Joost was beside himself with frustration — this was no time for the niceties of leisurely inquiry. They had his daughter, the heart and soul and central joy of his existence, and he had to get her back. “It’s the Kitchawanks,” he blurted, “I’m sure of it. They snatched her”—here his voice broke with a sob—“snatched her as she, she—”
At the mention of Indians, the Jongheer was on his feet. “I told you so,” he roared at his father. “Beggars in their blankets. Aborigines, criminals, vermin, filth. We should have driven them into the river twenty years ago.” He crossed the room in two great strides and lifted the harquebus down from the wall.
The patroon had risen now to his gouty feet, and the ladies pressed powdered hands to their mouths. “But, er, what’s this, mijnzoon?” the patroon wheezed in some alarm. “What are you thinking?”
“What am I thinking?” the Jongheer shrieked, the blood rushing to his face. “They’ve raped an honest man’s daughter, vader!” The harquebus was about as wieldy as a blacksmith’s anvil, and twice as heavy. He raised it over his head in a single clenched fist. “I mean to exterminate them, annihilate them, pot them like foxes, like rats, like, like—”
It was then that a knock came at the door.
The deferential head of the tattooed slave appeared between the oak door and the whitewashed wall that framed it. “A red man, Mijnheer,” he said in his garbled Dutch. “Says he’s got a message for the schout.”
Before either patroon or Jongheer could give the command, the door flew back and old Jan stumbled into the room to exclamations of excitement from the ladies. Jan was wearing a tattered cassock, out at elbows and shoulders, and an ancient crushed caubeen with half the brim missing. His loincloth hung from his hips like a tongue, his legs were spattered with mud and his moccasins were as black as the muck in the oyster beds of the Tappan Zee. For a long moment he just stood there, swaying slightly, and blinking in the light of the candles hung around the room.
“Well, Jan,” the patroon wheezed, “what is it?”
“Beer,” the Indian said.
“Pompey!” Vrouw Van Wart called, and the black reappeared. “Beer for old Jan.”
Pompey poured, Jan drank. The patroon looked befuddled, the schout anxious, the Jongheer enraged. Mariken, who’d been Neeltje’s playmate, looked on with a face as pale and drawn as a mime’s.

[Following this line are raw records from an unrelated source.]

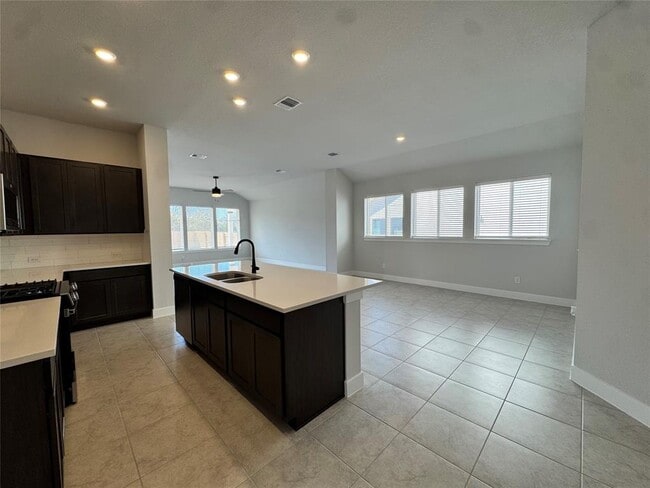 Foto del edificio - 277 Coleto Tr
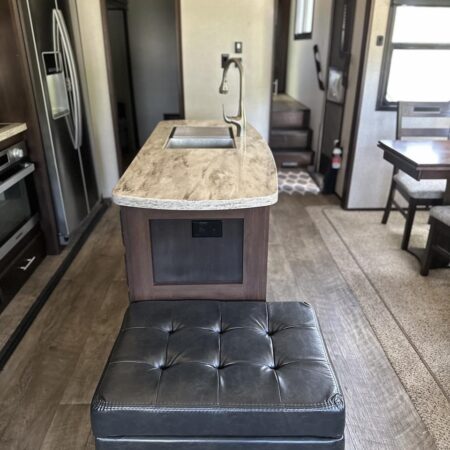 2019 JAYCO NORTH POINT 377RLBH - Image 10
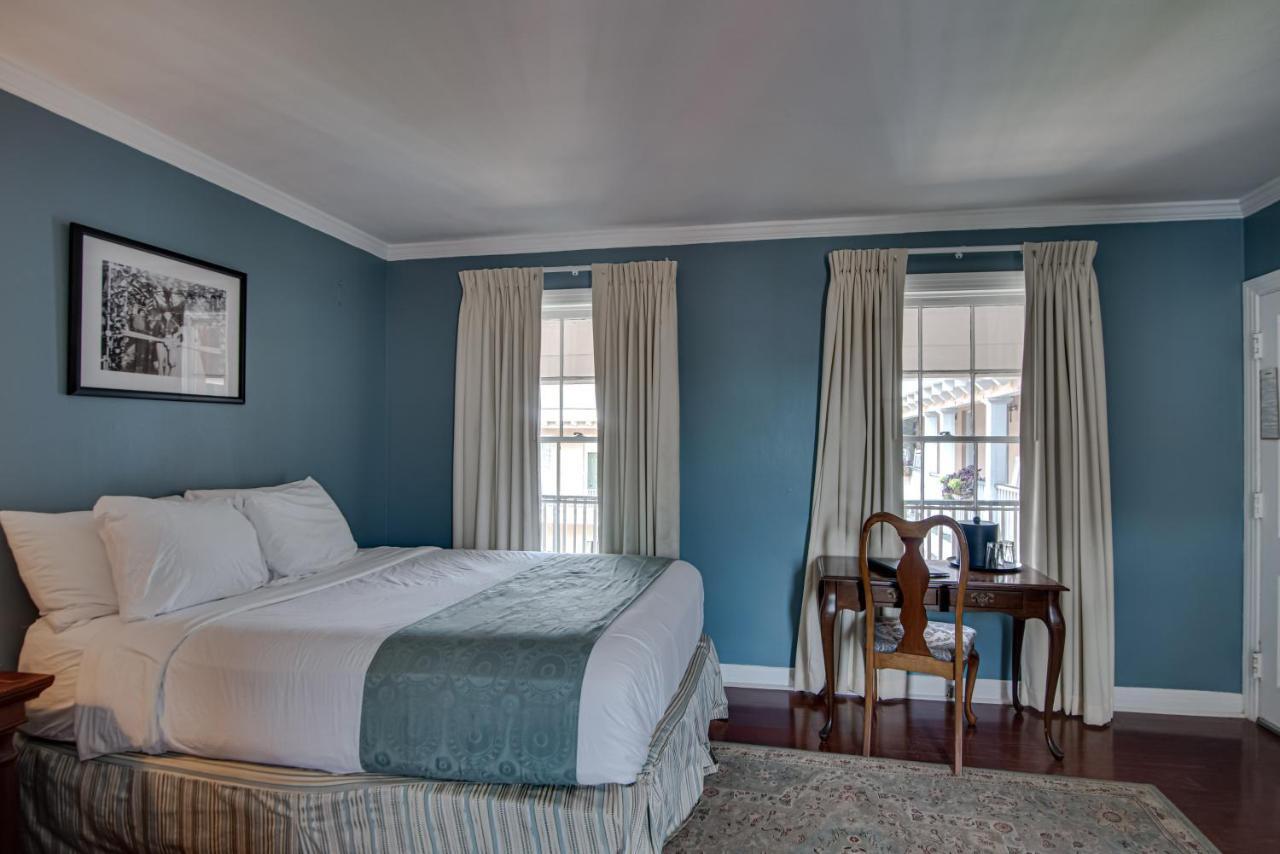Two Queen Beds Courtyard View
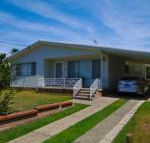 Billys on Main 44 Main Street - Accommodation VIC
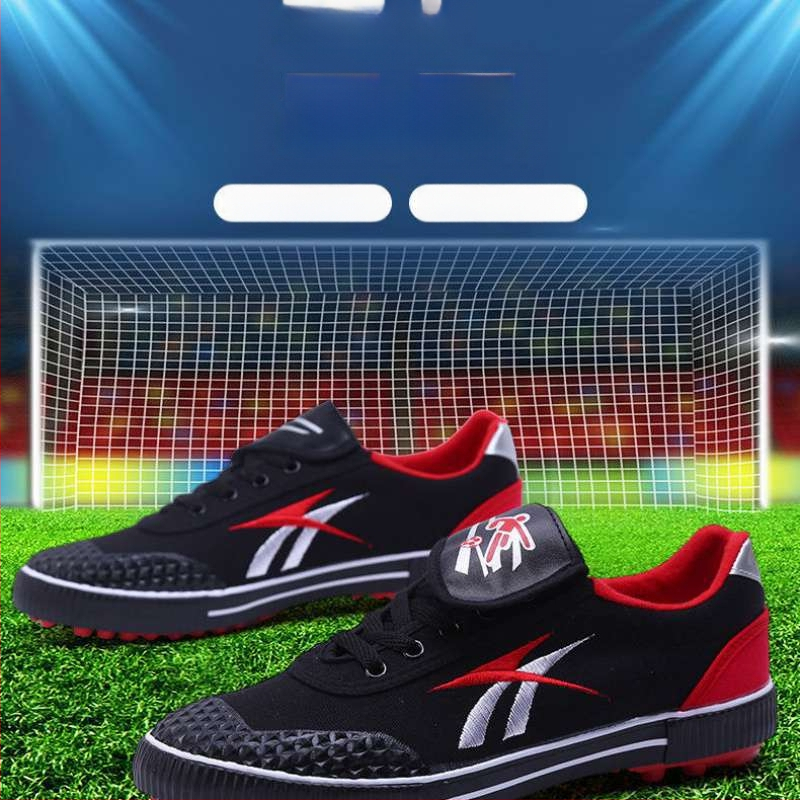 Futbolo bateliai su anti-slip ir atsparumu dilimui, viršus medvilninis, vidutinio aukščio, gumos padas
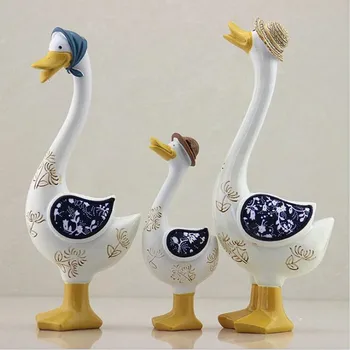 1 set Artificial Duck Family Statues Resin Decorative Home Decor Animal Style Figures as House Ornament
1 set Artificial Duck Family Statues Resin Decorative Home Decor Animal Style Figures as House Ornament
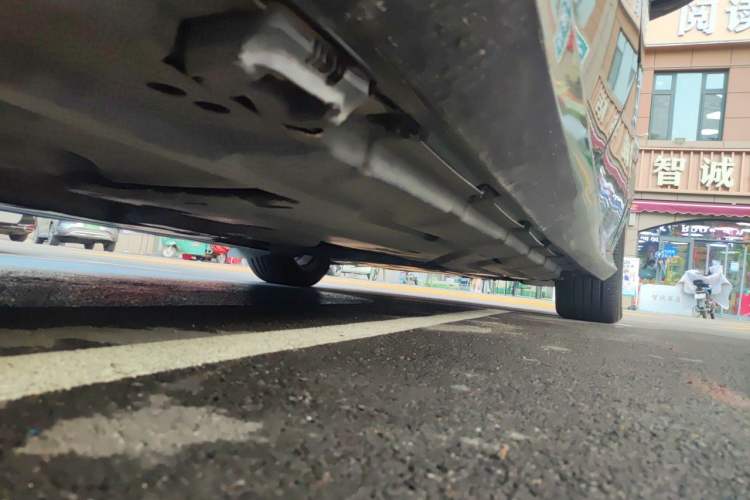 Used Mercedes-Benz R-Class 2014 R 320 4MATIC Business Model Chassis Front Left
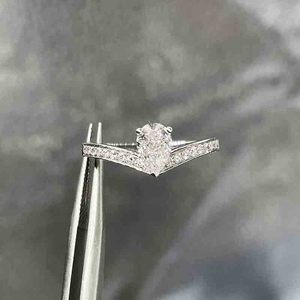 Anello Classico a Goccia con Zirconi Geometrici per Donne, Gioiello Scintillante da Matrimonio - Product Image 5
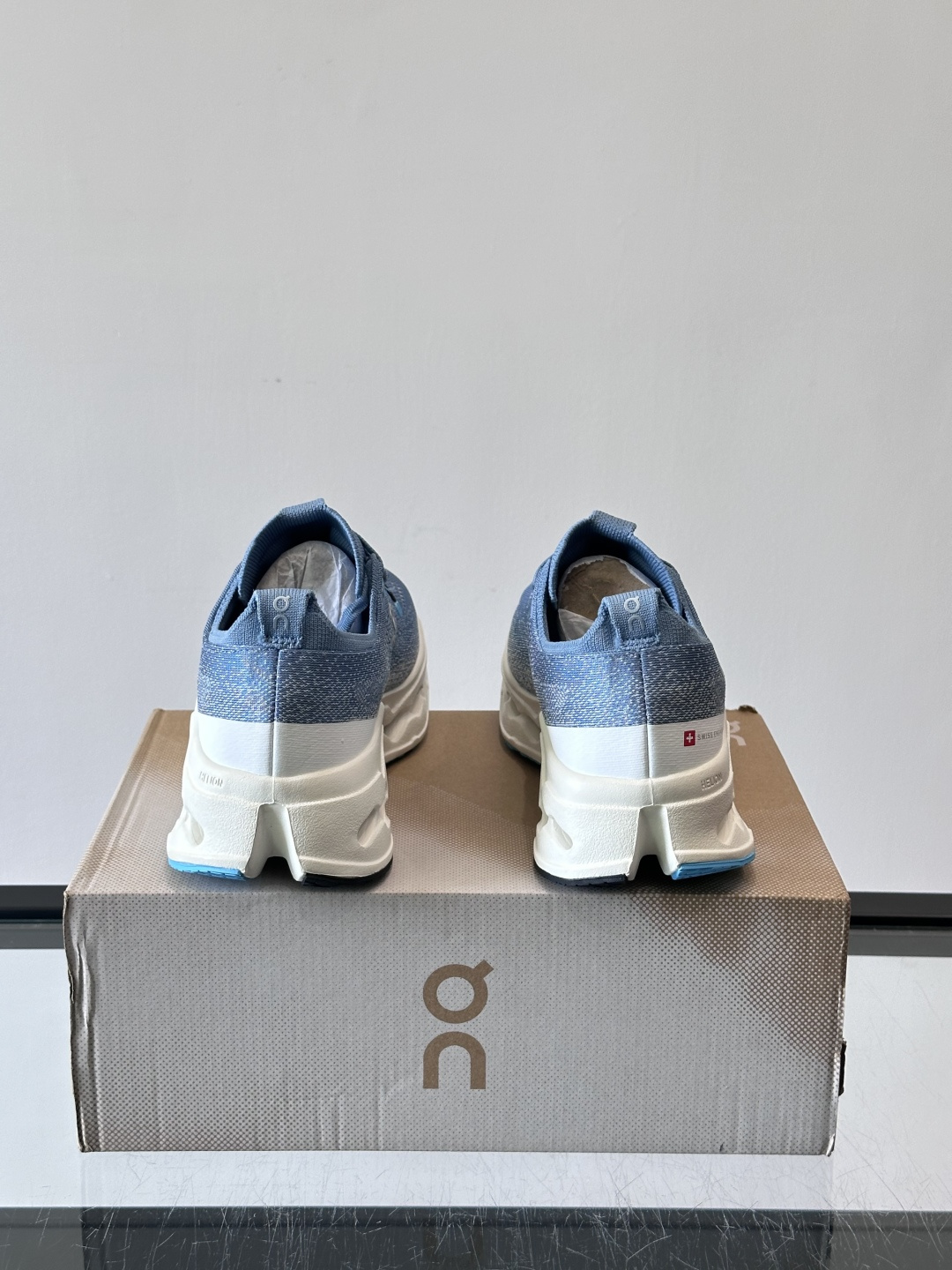 On昂跑 Cloud 6运动鞋情侣款👫​​👟瑞士品牌On昂跑Cloud 6，主打轻量舒适，鞋面多孔网布超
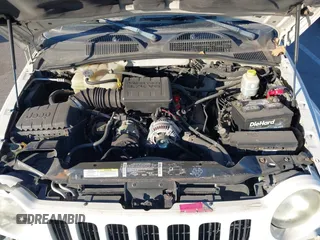 2003 Jeep Liberty Limited with VIN 1J8GL58K33W591945, listed as a IAAI auction lot 41446203 with 196,857 mi miles and . Bid and sale history available at DreamBid. Image 10.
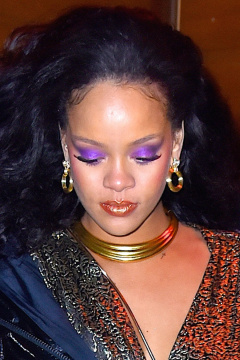 Na afterparty letošních Grammy dorazila Rihanna s fialovými stíny a divokým účesem.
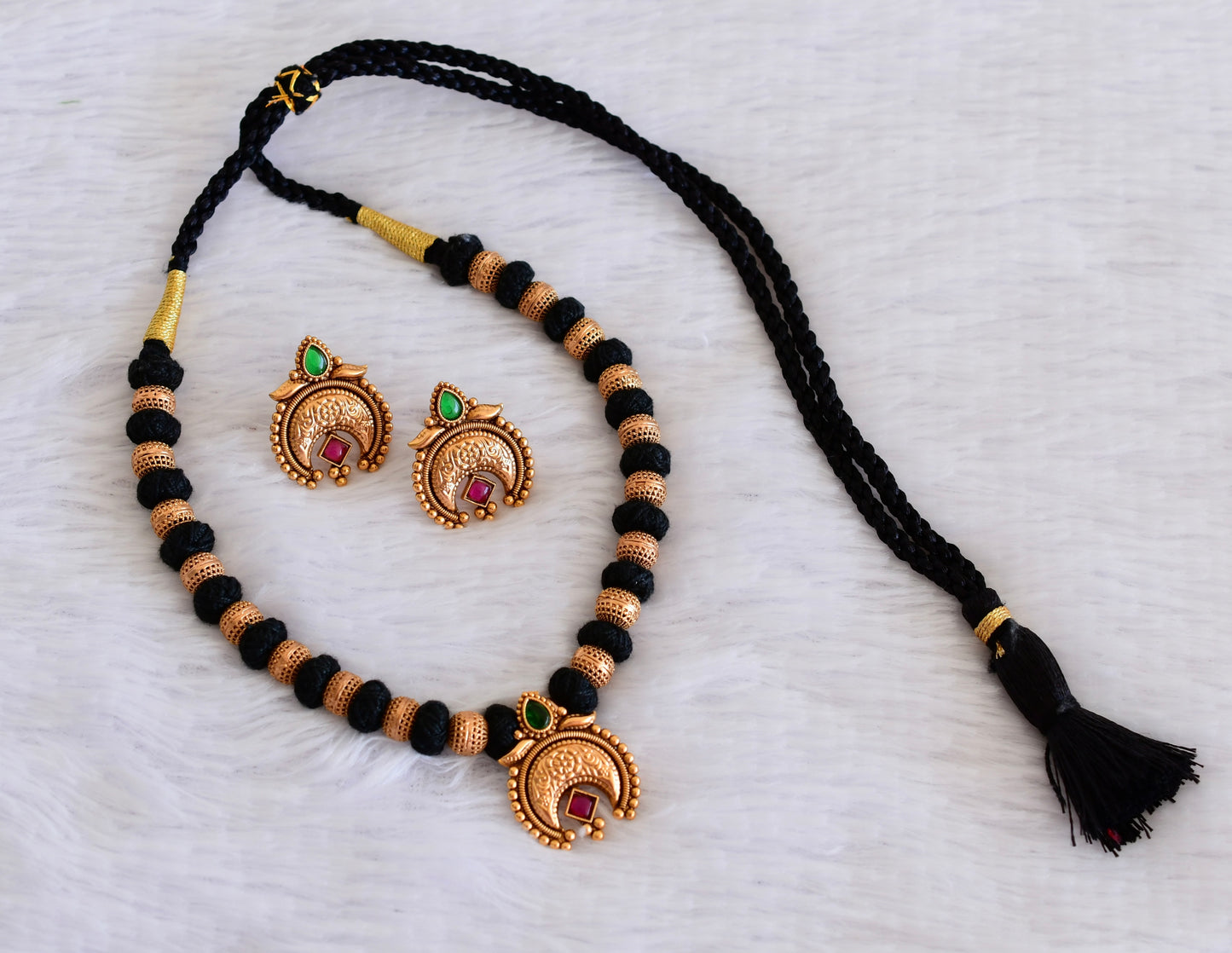 Matte finish beaded kemp-green kante black thread necklace set dj-52975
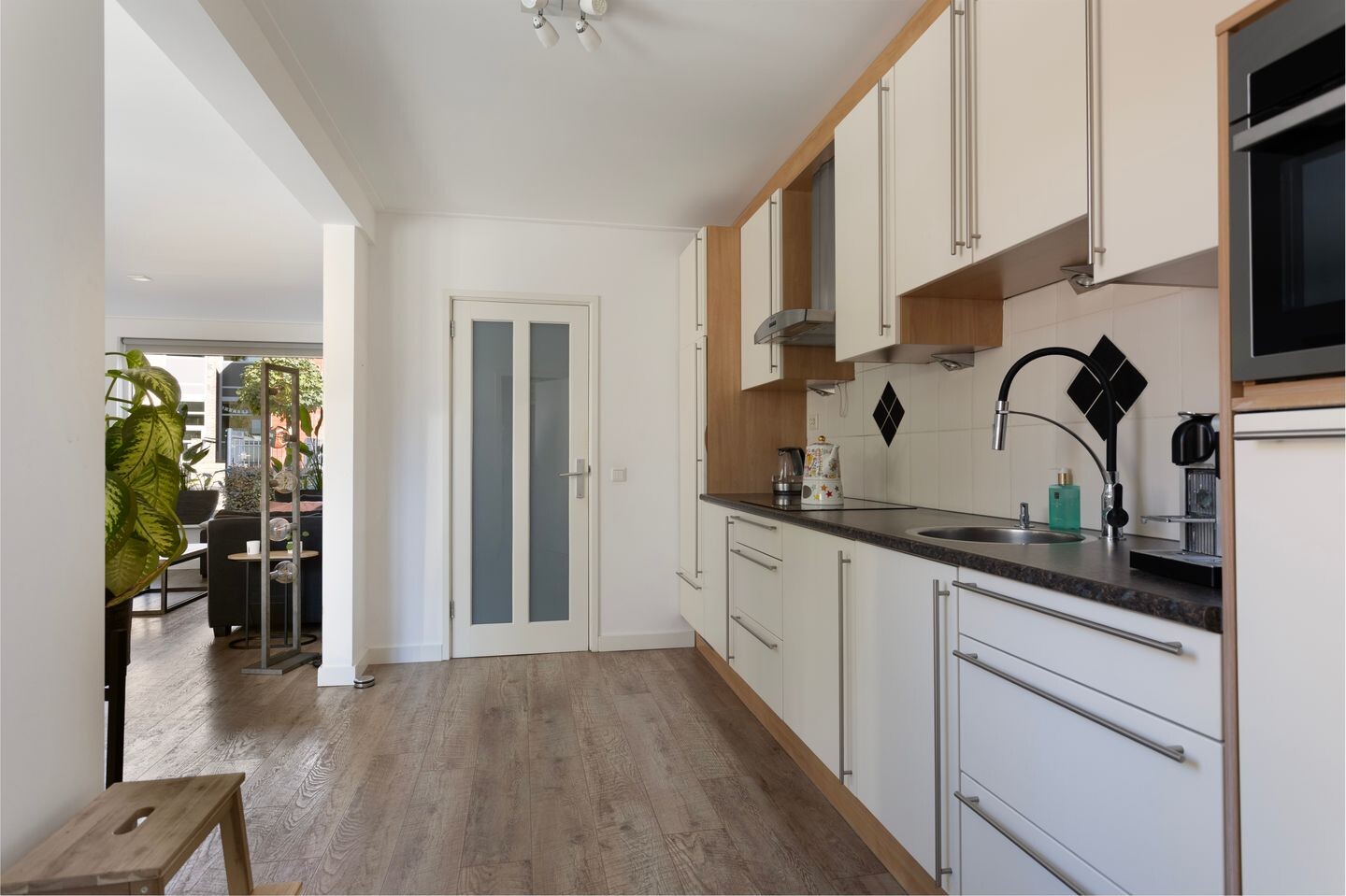 Hoekwoning te koop: Middenlaan 36, Harderwijk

The old Indian set down the cup, composed himself a moment and began a slow shuffling dance around the table, all the while chanting Ay-yah, neh-neh, Ay-yah, neh-neh. After half a dozen repetitions, he sang his message — in three tones, and to the same beat:
Daugh-ter, sends you,
Her greet-ings, neh-neh.
And then he stopped. Stopped singing, stopped dancing. He was frozen, like a figure in a clocktower after the hour’s been struck. “Spirits,” he said. “Genever.”
But this time, Pompey didn’t have a chance to respond. Before he could so much as glance at the patroon for his approval, let alone lift the stone bottle and pour, the Jongheer had slammed the Indian into the wall. “Where is she?” he demanded. “Is it ransom, is that what you want? Is it?”